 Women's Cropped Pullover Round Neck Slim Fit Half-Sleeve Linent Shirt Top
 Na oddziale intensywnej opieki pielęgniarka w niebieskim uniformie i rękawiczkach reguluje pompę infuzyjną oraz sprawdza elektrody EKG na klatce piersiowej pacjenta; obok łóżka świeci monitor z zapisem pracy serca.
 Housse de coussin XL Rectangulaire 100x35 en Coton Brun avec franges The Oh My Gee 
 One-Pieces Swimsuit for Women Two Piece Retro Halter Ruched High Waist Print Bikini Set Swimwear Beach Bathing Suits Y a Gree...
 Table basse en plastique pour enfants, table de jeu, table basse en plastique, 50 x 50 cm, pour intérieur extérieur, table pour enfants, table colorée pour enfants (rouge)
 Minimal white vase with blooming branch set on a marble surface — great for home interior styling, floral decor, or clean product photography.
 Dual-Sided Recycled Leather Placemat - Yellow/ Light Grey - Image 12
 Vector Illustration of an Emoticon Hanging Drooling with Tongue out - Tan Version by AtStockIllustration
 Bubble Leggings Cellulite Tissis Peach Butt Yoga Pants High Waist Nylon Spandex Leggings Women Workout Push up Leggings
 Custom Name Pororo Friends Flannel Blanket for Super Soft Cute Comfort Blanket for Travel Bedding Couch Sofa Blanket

::::

Work item: The answer should consist of every line from the listing above that includes the word "High".

The completed task:
 One-Pieces Swimsuit for Women Two Piece Retro Halter Ruched High Waist Print Bikini Set Swimwear Beach Bathing Suits Y a Gree...
 Bubble Leggings Cellulite Tissis Peach Butt Yoga Pants High Waist Nylon Spandex Leggings Women Workout Push up Leggings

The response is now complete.